## Required action
Among the entries below, copy only the span from the line containing "Whaline Football Wooden" through the line containing "ProtoArc Foldable Keyboard". Do so exactly, and skip the pictures.

## Entries supplied
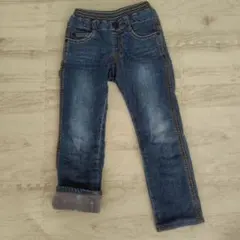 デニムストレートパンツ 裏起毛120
==
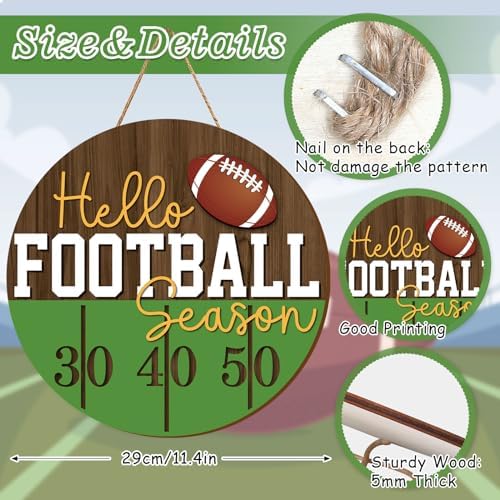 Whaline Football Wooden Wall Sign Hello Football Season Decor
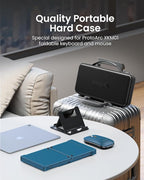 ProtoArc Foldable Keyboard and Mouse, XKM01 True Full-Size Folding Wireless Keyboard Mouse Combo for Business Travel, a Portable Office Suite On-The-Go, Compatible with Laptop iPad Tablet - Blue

## Your response
 Whaline Football Wooden Wall Sign Hello Football Season Decor
 ProtoArc Foldable Keyboard and Mouse, XKM01 True Full-Size Folding Wireless Keyboard Mouse Combo for Business Travel, a Portable Office Suite On-The-Go, Compatible with Laptop iPad Tablet - Blue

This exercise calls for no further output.